While most of us have never had to worry about having food on the table, tens of thousands of Brazos Valley residents annually are faced with a problem known as “food insecurity”— households that lack consistent access to adequate food for one or more household members.  This problem not only leaves children and adults with empty stomachs, but also affects many aspects of their lives. Without an adequate amount of food—if any— children cannot learn and adults cannot work productively. The expansion will help solve this problem.
Mangapora, who has been serving as the Food Bank’s Executive Director since 2005, says, “When I first came here, I never thought we would outgrow our warehouse, but we have. It’s very disheartening that we need to expand our building because that means more people are in need. We need donations as soon as possible  – we can do so much more but we’re limited by space.”
In her first year at the Food Bank, the Food Bank distributed 1.7 million pounds of food. Now in her eighth year, that number has skyrocketed to nearly four million.
The drastic increase in the amount of food the Food Bank is distributing to partner agencies also reflects the hard economic times. Despite misconceptions, those in need visit a feeding program on average 3.5 times in a year, receiving less than 75 lbs. of food each year. The Food Bank and the agencies and programs it supports are a safety net for those who have fallen on hard-times, not an entitlement that individuals live off of day-to-day, week-to-week.
Currently, the Food Bank’s “Because Hunger Won’t Wait” Capital Campaign has raised nearly 45 percent of necessary funds they need for the expansion project. Once they have 50 percent of the funds, they plan to break ground and begin building.

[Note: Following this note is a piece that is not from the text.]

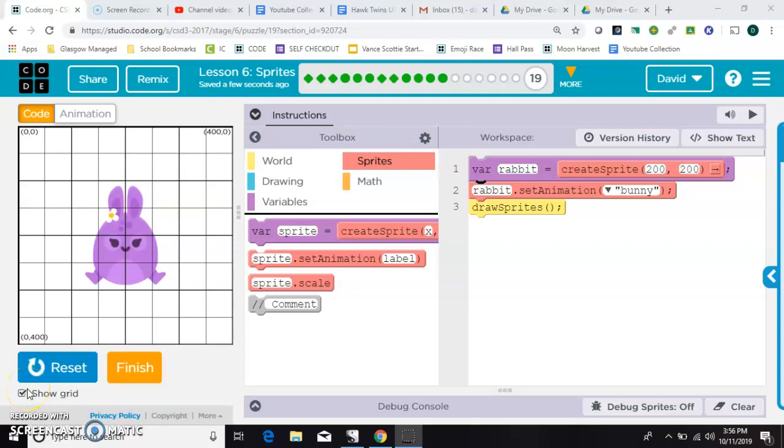This video is about resizing your sprites in Gamelab or Code.org. You have two ways that you can do this.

Mangapora says, “There are many ways people can help support our ‘Because Hunger Won’t Wait’ Capital Campaign. The immediate need is monetary donations to the campaign.  We are willing to present our case to anyone – businesses, foundations, churches, civic groups. If a major gift is not possible, the Because Hunger Won’t Wait Square Foot Campaign may appeal to you. A $75 dollar donation pays for a square foot of the expansion. In addition, we would love people to educate others about this important project.”
With a sense of urgency resonating through her voice, Mangapora added, “Residents of the Brazos Valley deserve a Food Bank that can do more. With this expansion, the possibilities are endless.”